The influencer landscape has changed, and not in the subtle, algorithm-tweaking way. Audiences have grown up alongside social media, and with that growth has come a sharper understanding of who influencers are, what they’re for, and when a brand partnership actually makes sense.
A few years ago, influencer marketing felt shiny. Big followings, glossy content, and the promise of instant reach. Now, it’s far more nuanced. People can spot a mismatch quickly. They know when a product genuinely fits into someone’s life and when it’s been awkwardly wedged in for a deliverable.
That’s not a bad thing. It’s actually made influencer marketing better.
We’ve seen this first-hand working with Britex over the past two years. Cleaning and organising content is one of those rare internet sweet spots. It’s satisfying to watch, endlessly rewatchable, and deeply practical. Through more than 20 influencer collaborations, Britex-focused content has generated thousands of likes, strong engagement, and most importantly, a direct spike in machine hires. The product solves a real problem, the content fits naturally into creators’ routines, and audiences don’t feel like they’re being sold to. They feel like they’re being shown something useful.
That alignment matters. Because not every industry should be working with influencers, and not every brand is ready to.
Recently, TikTok has been unpacking this in real time. A video from user @just.a.girl.in.this.life sparked conversation after she shared her experience receiving a subpar product from a food brand, while influencers were being sent significantly better versions of the same offering. The response was swift. Other food companies flooded her with gifts, seemingly to restore balance, goodwill, or to simply one-up the trending competitor. Ironically, this flipped her position entirely. She became the very influencer she was critiquing, now receiving preferential treatment that the average customer still wouldn’t.

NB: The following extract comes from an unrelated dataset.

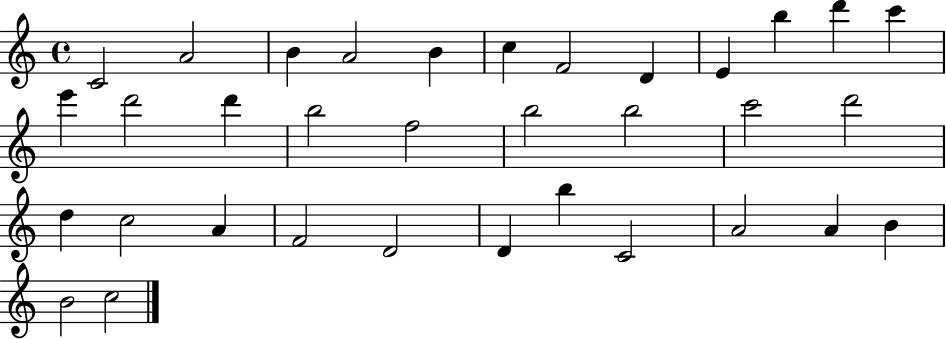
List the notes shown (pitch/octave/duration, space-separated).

C4/h A4/h B4/q A4/h B4/q C5/q F4/h D4/q E4/q B5/q D6/q C6/q E6/q D6/h D6/q B5/h F5/h B5/h B5/h C6/h D6/h D5/q C5/h A4/q F4/h D4/h D4/q B5/q C4/h A4/h A4/q B4/q B4/h C5/h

The discourse hit a nerve because audiences are paying attention. They’re questioning who gets rewarded, why certain voices are elevated, and what that means for trust. When influencer experiences don’t reflect the real customer experience, the gap shows. And once it’s visible, it’s hard to unsee.

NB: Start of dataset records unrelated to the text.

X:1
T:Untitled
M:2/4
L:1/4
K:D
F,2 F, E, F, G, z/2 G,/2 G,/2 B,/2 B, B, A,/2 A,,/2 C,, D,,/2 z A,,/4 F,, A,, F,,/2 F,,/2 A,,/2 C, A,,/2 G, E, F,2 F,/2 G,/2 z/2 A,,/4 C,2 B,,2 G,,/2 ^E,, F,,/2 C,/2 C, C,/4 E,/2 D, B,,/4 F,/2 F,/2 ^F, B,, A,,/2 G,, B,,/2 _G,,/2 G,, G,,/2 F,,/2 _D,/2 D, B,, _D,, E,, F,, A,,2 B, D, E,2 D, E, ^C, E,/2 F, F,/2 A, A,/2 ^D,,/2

This is where brands need to slow down and ask better questions. Not “should we do influencer marketing?” but “does influencer marketing make sense for us?” Does the product integrate naturally into someone’s day-to-day life? Will the content feel honest, or will it highlight inconsistencies between what’s promised and what’s delivered?
Influencer marketing works best when it mirrors reality, not when it creates a parallel one. Audiences don’t expect perfection. They do expect fairness, transparency, and a level playing field.
What’s interesting now is that audiences aren’t anti-influencer. They’re anti-disingenuous behaviour. They still enjoy creator content. They still take recommendations seriously. They’re just more discerning about who they trust and why.
As social media continues to mature, influencer marketing is settling into its rightful place. Not as a shortcut, not as a silver bullet, but as one part of a broader digital ecosystem. When it’s aligned with the product, the platform, and the audience, it can drive real results. When it’s forced, it can do the opposite. Influencers are no longer borrowed credibility. They’re collaborators in a very visible relationship. And audiences are watching both sides closely.
Brands that understand this will build partnerships that feel natural, effective, and long-lasting. The rest will keep chasing reach, while trust quietly slips through the cracks.